Obvio. Estas estancias han sufrido adaptaciones funcionales, respetando la arquitectura original, pero enriqueciéndose con mobiliario, iluminación, clima artificial y todo el instrumental necesario para preparar platillos gourmet.
Hay quien califica a este fenómeno mobiliario como una clara manifestación del declive que está sufriendo la Iglesia Católica en los últimos tiempos, del secularismo rampante, sobre todo en Europa: si los fieles ya no asisten al culto litúrgico, si no frecuentan los salones parroquiales para su formación doctrinal, si ni siquiera los jóvenes aprovechan sus instalaciones deportivas, no tiene caso mantener ‘elefantes blancos’ que se deterioran día con día. Además, la pandemia nos acostumbró a las ‘telemisas’, y los escándalos de los jerarcas colaboraron al alejamiento de la feligresía.
Y sí. El descenso de la presencia física en estos espacios sagrados obedece a tales causas, entre otras muchas y muy variadas, pero también es necesario recordar lo que escribí hace tres años (en ¿Tiene futuro la Iglesia Católica? Su actuación ante la situación actual, PPC, Madrid, p. 104): “… el pensamiento veterotestamentario siempre fue muy claro en la necesidad de relativizar al templo como lugar principal para el encuentro con Dios. Y creo que la pandemia nos ha enseñado que los hogares de los fieles, y no únicamente los templos, pueden ser lugares privilegiados para el encuentro con Dios“.

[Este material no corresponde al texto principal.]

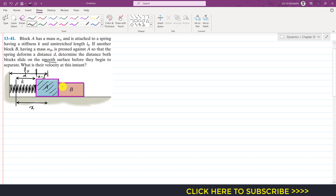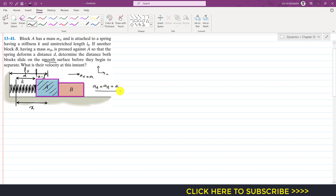When both blocks are released, they move with some acceleration. The acceleration of both blocks in the x-direction is A, since both blocks move with the same acceleration. So the acceleration of block A equals the acceleration of block B equals A. We consider both blocks together initially.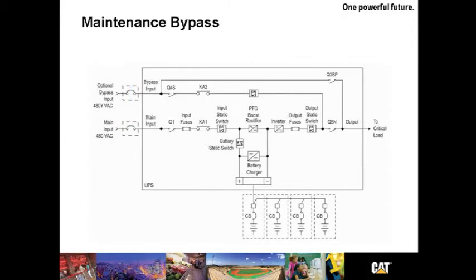Let's take a look at the maintenance bypass. Shown here in red is an advantage for the CAT UPS. As we discussed earlier, this allows the unit to be serviced without interruption to the load.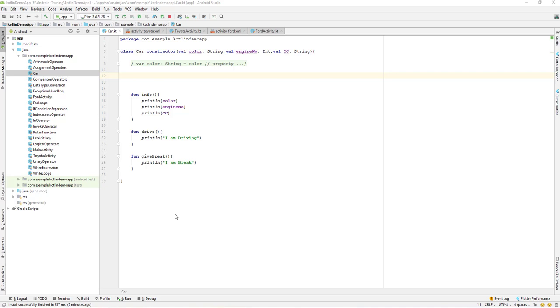Let us continue with our lesson. In the previous lesson we learned about the primary constructor in Kotlin, and in this lesson let's learn about the secondary constructor in Kotlin. So let's get started.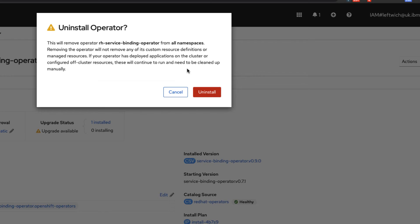If you click on that, it'll give you a warning saying that you're going to remove the service binding operator from all namespaces on your cluster. You want to click uninstall.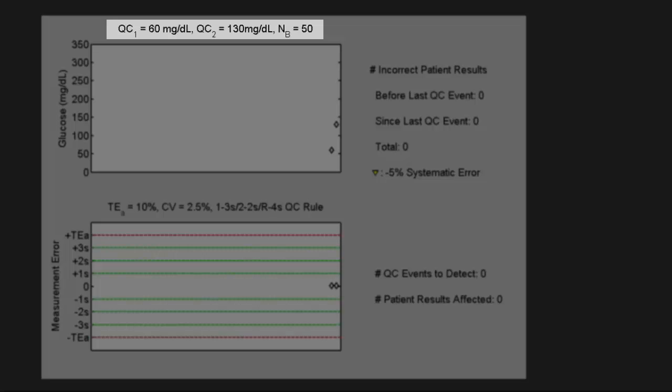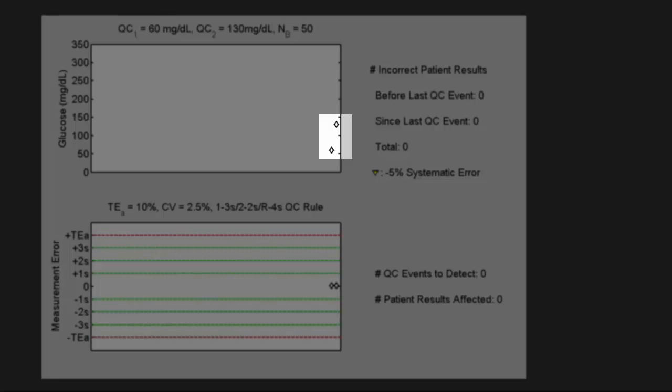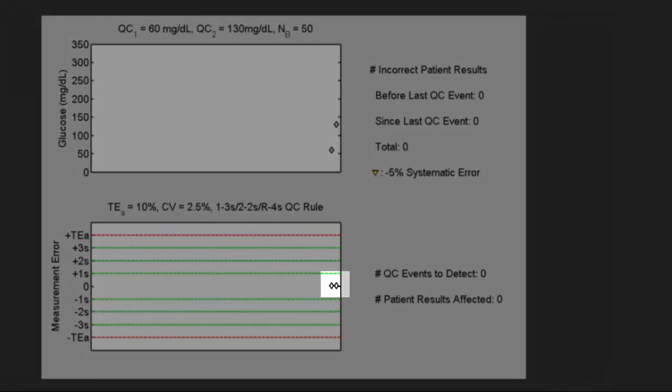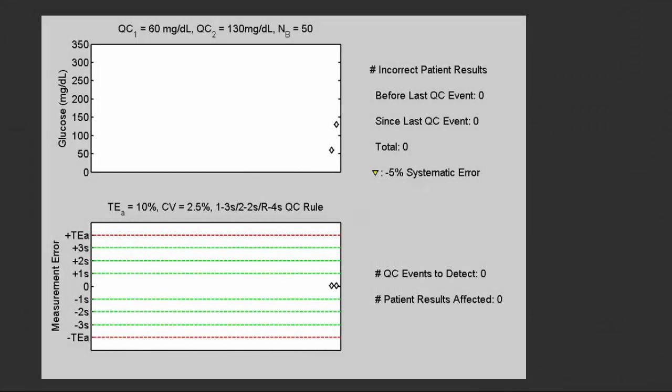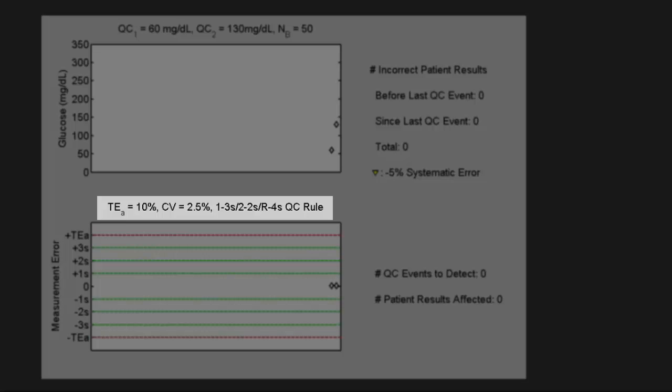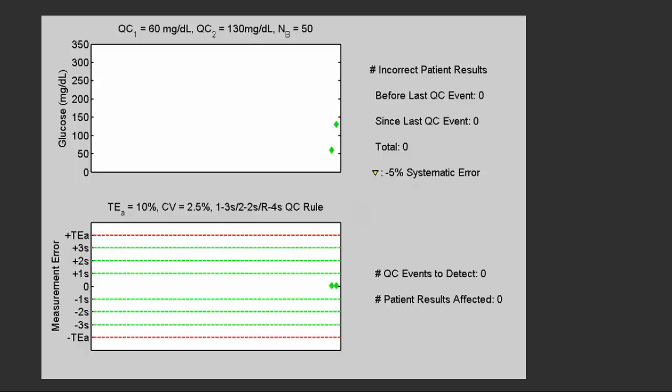The diamonds represent the QC results. We begin the process with a QC event. The measurements are around 60 and 130. Here we see the measurement error for those results - in this case the measurement errors are both close to zero. We're going to assume a TA of plus or minus 10 percent, a CV of 2.5 percent, and that the lab is using a 1-3s, 2-2s, and R-4s QC rule combination. These two QC results are within one SD of their assigned values, therefore the QC rule is accepted.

No nos rasguemos las vestiduras, y ojalá tratemos a los demás como los templos vivos que son. Y si, por casualidad, podemos conocer alguno de esos sitios, disfrutemos de un panini y una copa de vino, imaginando las celebraciones litúrgicas que ya no se llevan a cabo, pero que han dado lugar a nuevos rituales gastronómicos y etílicos.
Pro-vocación
La Iglesia Católica es santa y pecadora. Sus errores, en especial los más recientes, deben ser reconocidos y reparados, en la medida de lo posible, pero me alegra constatar uno de sus aciertos. Aunque ya lo practica de tiempo atrás –en mi Arquidiócesis de Monterrey tenemos cuatro albergues-, la Dimensión Pastoral de Movilidad Humana, de la Conferencia Episcopal Mexicana, ha anunciado que ofrecerá una cálida recepción a los migrantes que sean deportados de los Estados Unidos, a causa de las nuevas políticas de Donald Trump. Bien por estos esfuerzos.